One of the things I loved when I was a product manager was when I could understand my users better – both qualitatively with user interviews, user testing, and contextual inquiry, and quantitatively, by building and instrumenting my products to allow me to dig deeper into understanding my users’ behavior. I’ve found that there is no substitute to talking with and watching users up close, but since that doesn’t scale, having great tools to allow me to infer intent from actions and behaviors they made inside of the product were critical in a fast product improvement cycle. I’ve tried using lots of different tools to provide me with the quantitative information I was hoping for, but I found that once a product had found at least one audience (often called Product-Market fit) and the explosive growth phase had begun, all of my instrumentation and quantitative tooling began to fail me.
In fact, they did worse than fail me – they started to betray me.
And it really wasn’t their fault – those analytics tools couldn’t help it – they were built on a foundation that just didn’t work anymore, now that I was dealing with multiple audiences doing multiple things with my products.
The problem, it turns out, was fundamentally built into the architecture and infrastructure of the reporting and analytics tools themselves. The problem was that each of these tools made certain important assumptions – and while those assumptions were often useful for when I was just trying to get some basic information about my users, they were fundamentally skewing my ability to really understand my users. In fact, to even understand who a user was, or how we defined basic metrics, like what is a session or when funnels start and end (or reset), or what truly were the multiple audiences for my product, and how people don’t fit into pre-established definitions that are out of my control.
In fact, as I probed deeper, I found that these products were marketing their greatest weakness as their single biggest strength!

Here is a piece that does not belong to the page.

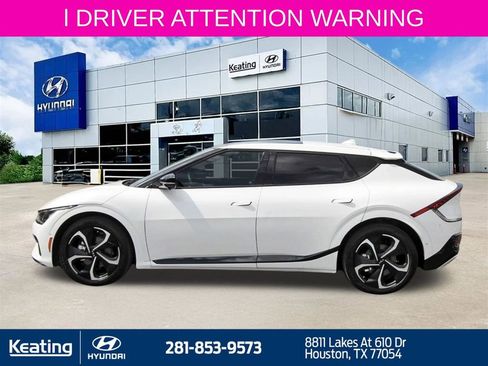 Used 2024 Kia EV6 GT-Line image 8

Here’s the problem – the concept of actions means that I’m making some pretty big assumptions about what’s important – and what’s not. And I’m wrapping myself into this warm blanket of what the tool is promising me – a way of looking at the world.
My problem was with Framing – As in, the tools were presenting me with a view of the world that had a particular perspective on how to view the world.
The problem, as I looked deeper, was everywhere. It was in how we even defined what a user was. Or how we defined what a session was. Or what an “important” event was. All of the tools that I was using were forcing me into a particular view of the world. At best, they were defining for me who my user was (a particular cookie, for example) or what a session was (a set of events over a particular time interval). And no matter how I tried, I couldn’t change those definitions. Or, in some cases, I couldn’t even get clear definitions on how these definitions were calculated from my instrumented data.
And worse than that – I was doing my best to improve aggregates of these metrics. For example, I was working on how we could increase the number of sessions per user per day. Or I was working on how we could increase conversion rates or engagement rates. But all of these were based on what my tool thought was important – not on what was really going on with my users!
Enter raw event streams. And Interana.
When I met the team at Interana, I felt like this:
There’s something wrong with the world, you don’t know what it is, but it is there… — Morpheus
So, what’s so great about raw event streams? Aren’t regular summarizations good enough? That blue pill looks pretty good…
What raw event data does for me as a product manager is it allows me to start playing with my assumptions. If I want to change my idea of what a user is, or what a session is, or what a cohort is, I can do it – and immediately have the results calculated for me, going back to the beginning of when I started recording data. I can look at my new definition of a user and see how it compares with all of my other derived metrics, like engagement and activity, and I can also start to look at the different audiences of people who may be using my product in different ways – and I can start to see through the fog of my own assumptions.
In the past I’d have to do a lot of this data exploration with a small data set, or I’d have to work with a large data engineering team in order to go back to our huge archive of raw logs, do ETL, weed out bad or unreliable data, clean it, and then start to process it using tools like Hadoop.
And it would take a week – minimum – to get some simple analysis.
What the team at Interana showed me was that I could start to do this analysis immediately. On all my data. And I didn’t need a data engineer or data scientist to pull any new data for me – it was already there, stored in the raw event data that Interana’s cluster had already ingested.
And for the first time, I felt like I was waking up to the real world of what my users were really doing.